When Hardy died in 1928, at the age of 87, he was on wife #2, a woman named Florence.
It’s not especially unusual for a man to remarry — married men usually aren’t good at being unmarried men because sometimes patriarchy works for people, like male people, and once you’ve gotten used to being cared for, because that’s what women do, right, is care for men, then it’s sort of rough to go back to caring for yourself — and it’s almost guaranteed when the man had been having an affair with the woman who would become his new wife roughly seven years before his first wife’s death.
Oh, Thomas “Hap” Hardy, you old romantic schemer, you.
Hardy and his first wife, Emma, started out the way one wants all new love to start: fresh and exciting and breathless. He was captivated by her hair. And there’s a wonderful drawing Hardy did of Emma, kneeling, that captures the curve of her breast erotically and again, I want to say: most all of our preconceived notions of prudish Victorians are bunk and useless. Are they flashing their panties as they climb into our out of carriages? We often confuse perversity and ill manners with eroticism. Are they writing poems like Christina Rosetti’s “Goblin Market” and buying pornography outside of prisons*? Yes, they were.

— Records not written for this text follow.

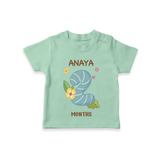 Memorialize your little one's Second month with a personalized kids T-shirts - MINT GREEN - 0 - 5 Months Old (Chest 17")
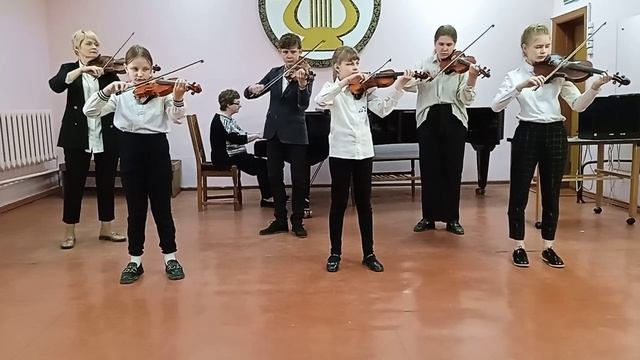 Р.Телепнев "Вязанка белорусских мелодий" исполняет образцовый ансамбль скрипачей "Аллегро" смотреть онлайн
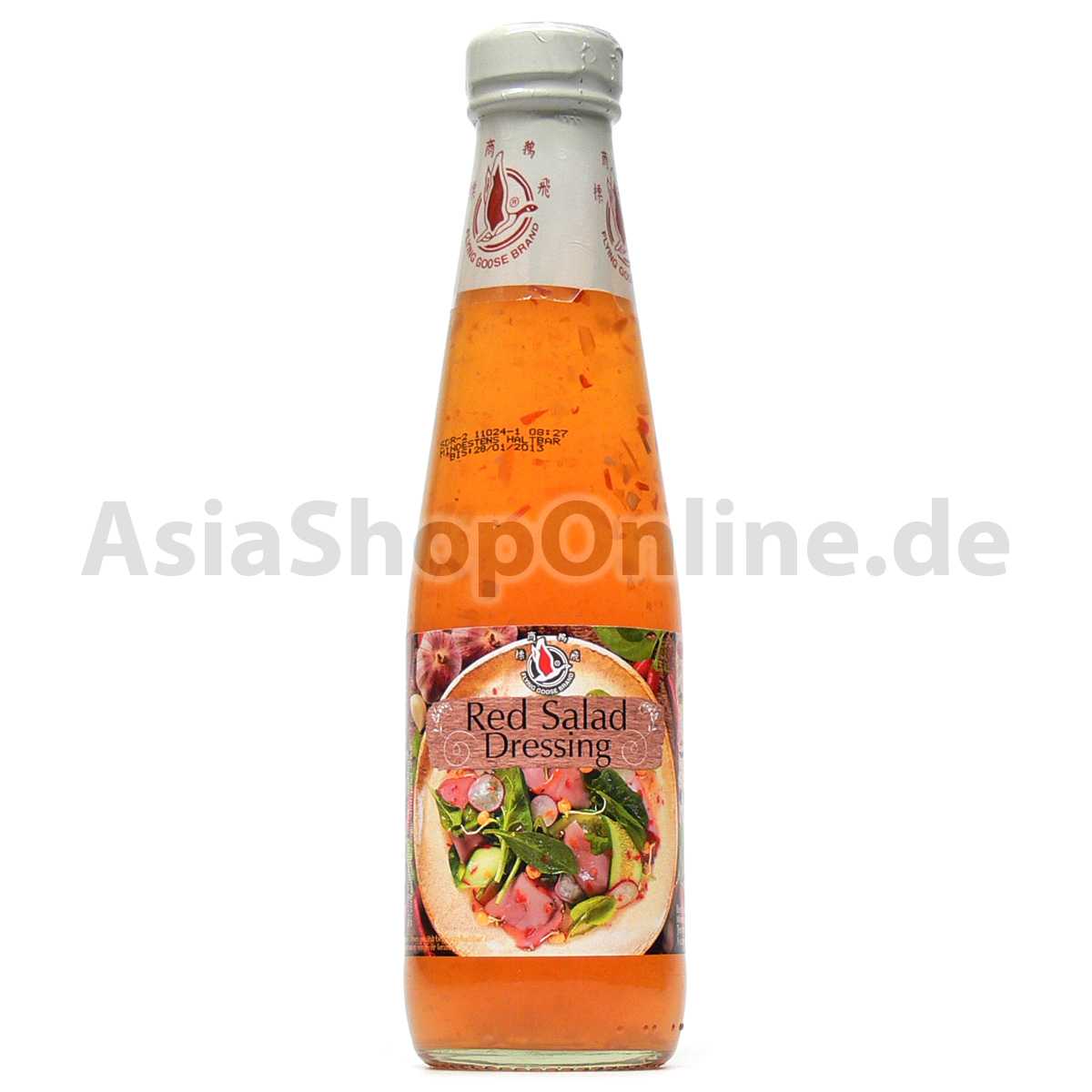 Asiatisches Salatdressing rote Chilis - Flying Goose - 295ml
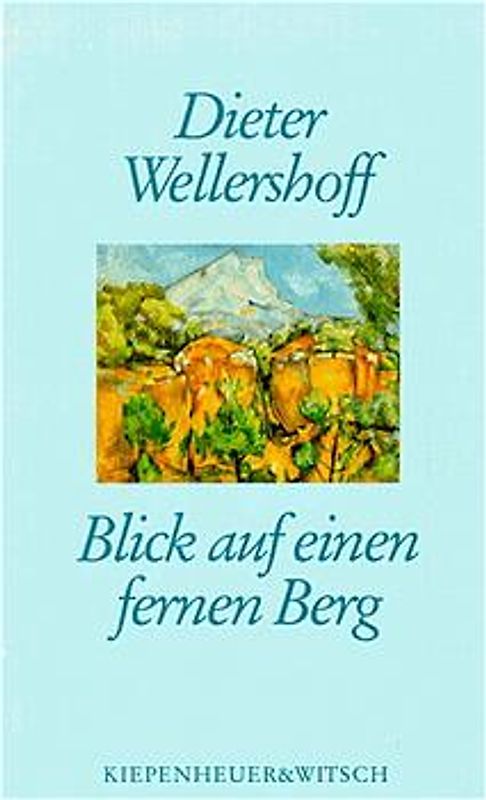 Blick auf einen fernen Berg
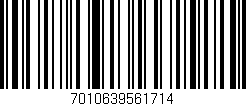 Código de barras (EAN, GTIN, SKU, ISBN): '7010639561714'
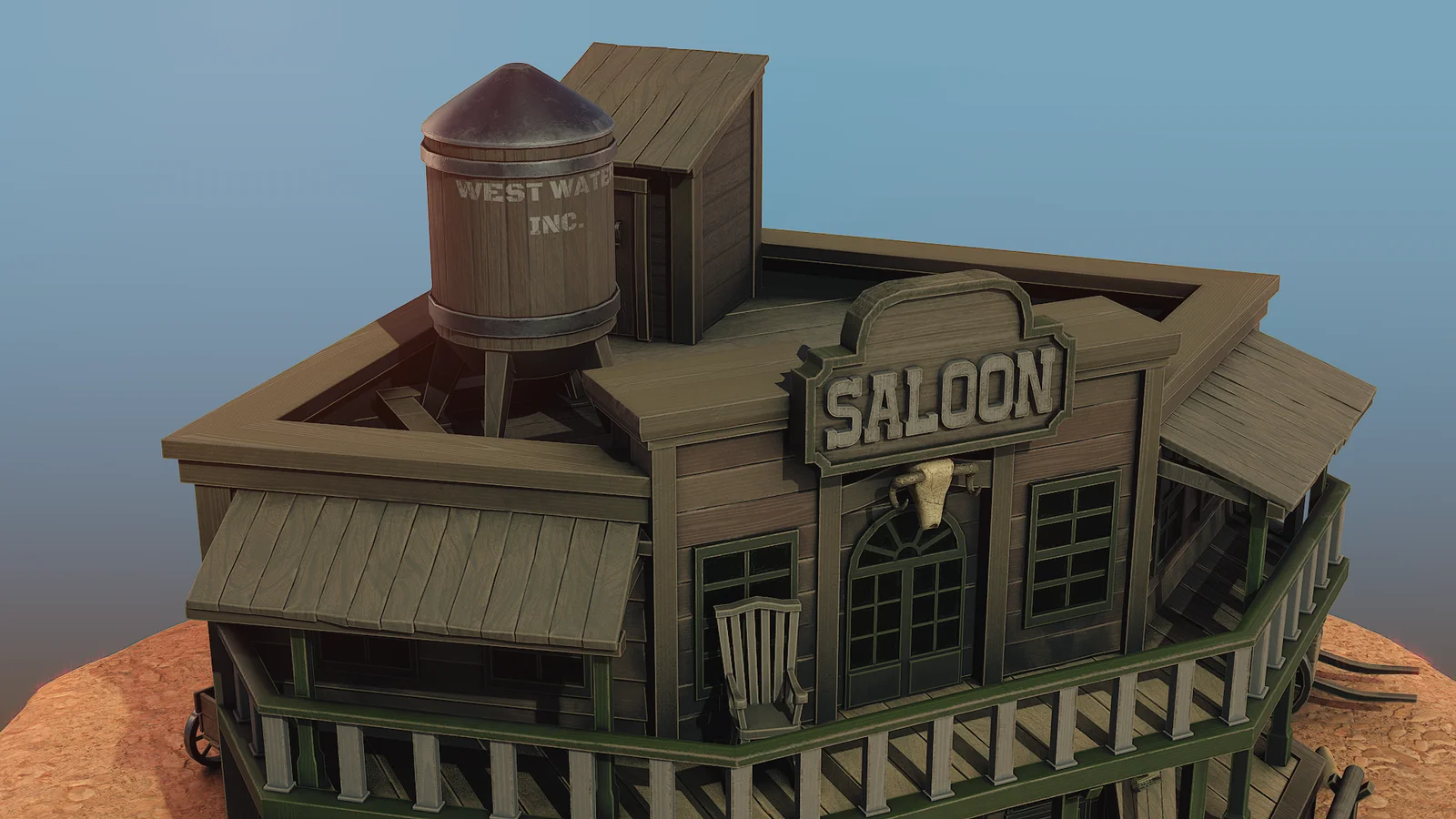 Stylized Western Saloon Guide screenshot 5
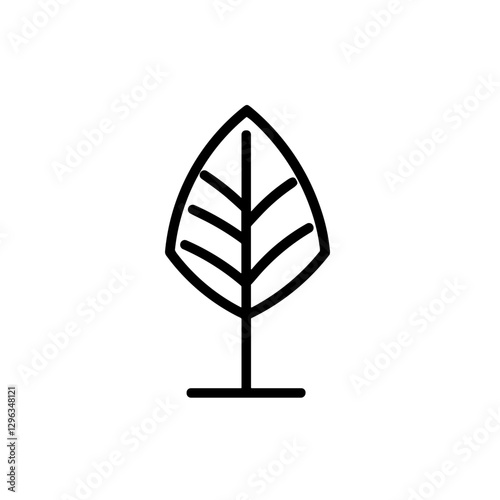 Simple Tree Icon  Minimalist Nature Symbol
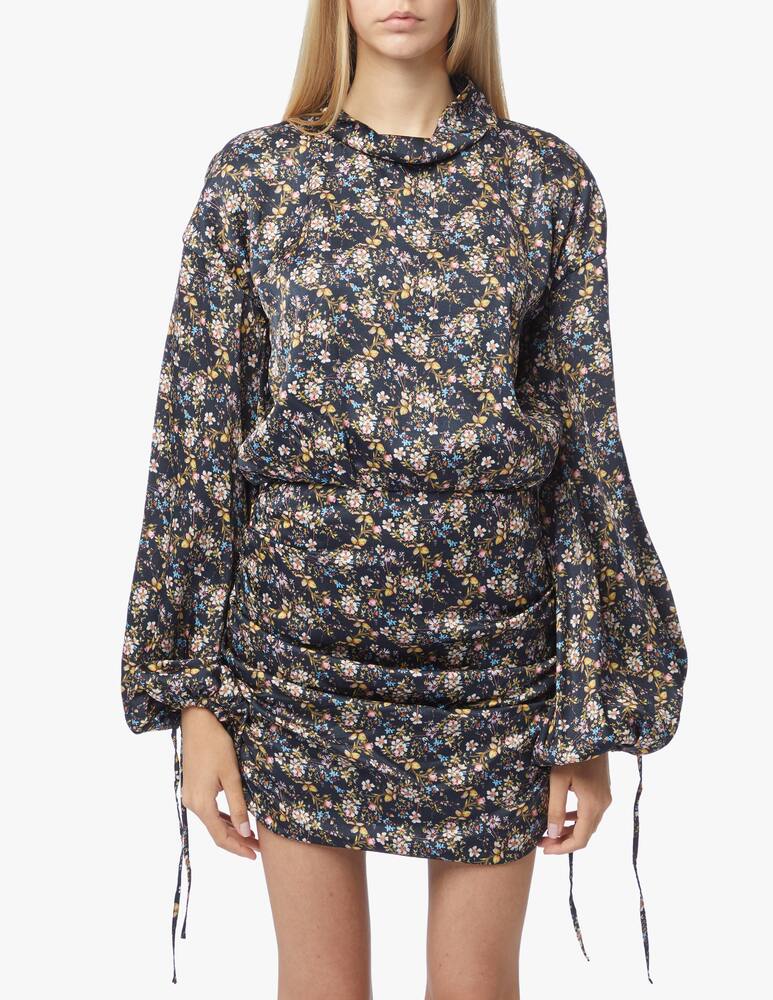 rinascente Wandering Printed satin dress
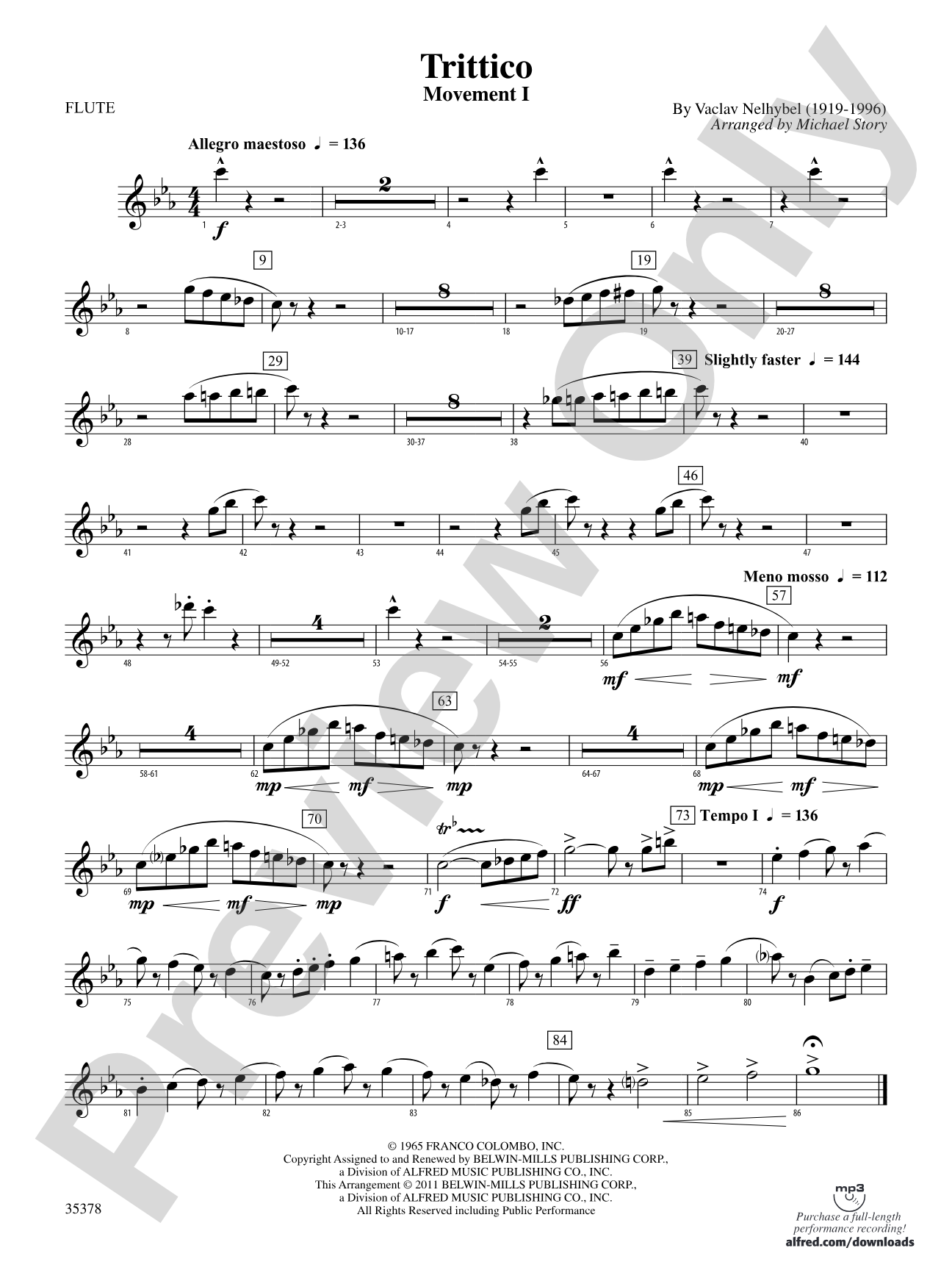 Trittico: Flute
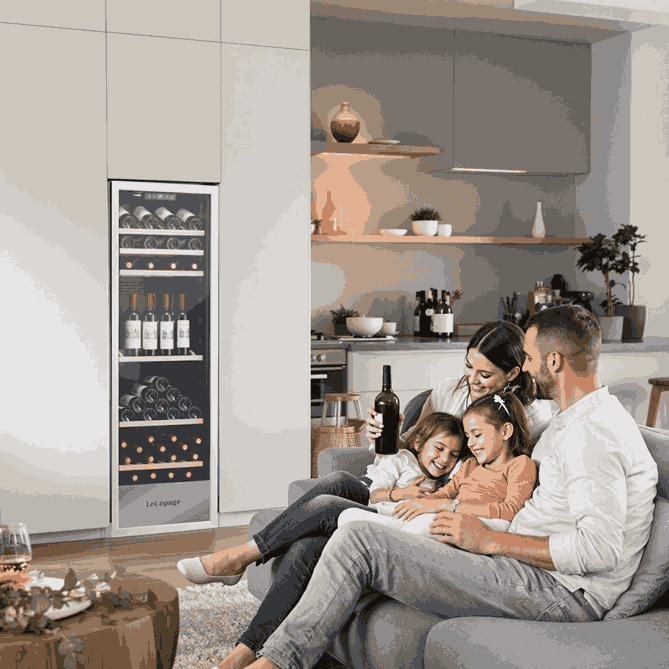 AGK168PVX 168 Bouteilles Monozone Veillissement | LeCépage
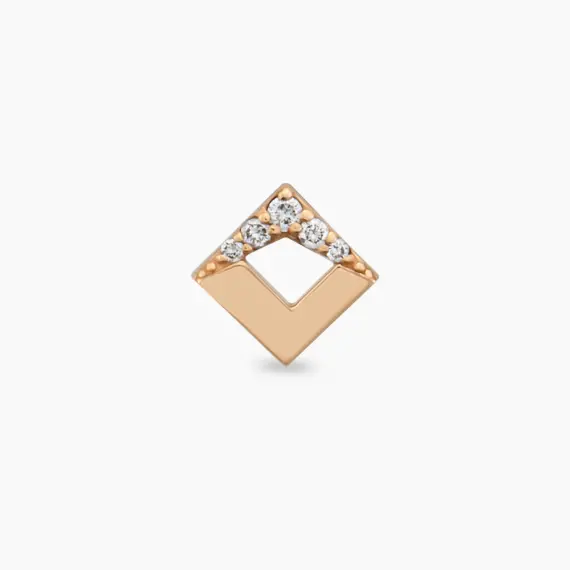 Meja Diamond Rose Gold Piercing - 3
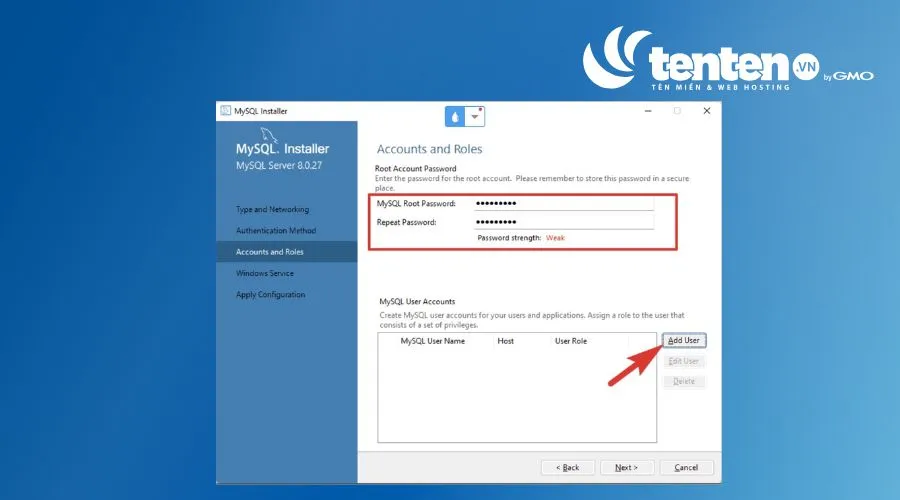 Cài đặt Account and Roles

[* A Mr Birtle, secretary of the soon-to-be-dissolved Bristol Society for the Prevention of Vice, wrote a final letter to his group: “Sir, – The Bristol Society for the Suppression of Vice being about to dissolve, and the agents before employed having moved very heavily, I took my horse and rode to Stapleton prison to inquire into the facts contained in your letter. Inclosed are some of the drawings which I purchased in what they call their market, without the least privacy on their part or mine. They wished to intrude on me a variety of devices in bone and wood of the most obscene kind, particularly those representing a crime ‘inter Christianos non nominandum,’ which they termed the new fashion. I purchased a few, but they are too bulky for a letter. This market is held before the door of the turnkey every day between the hours of ten and twelve.” — quoted from Henry Mayhew’s London Labour and the London Poor]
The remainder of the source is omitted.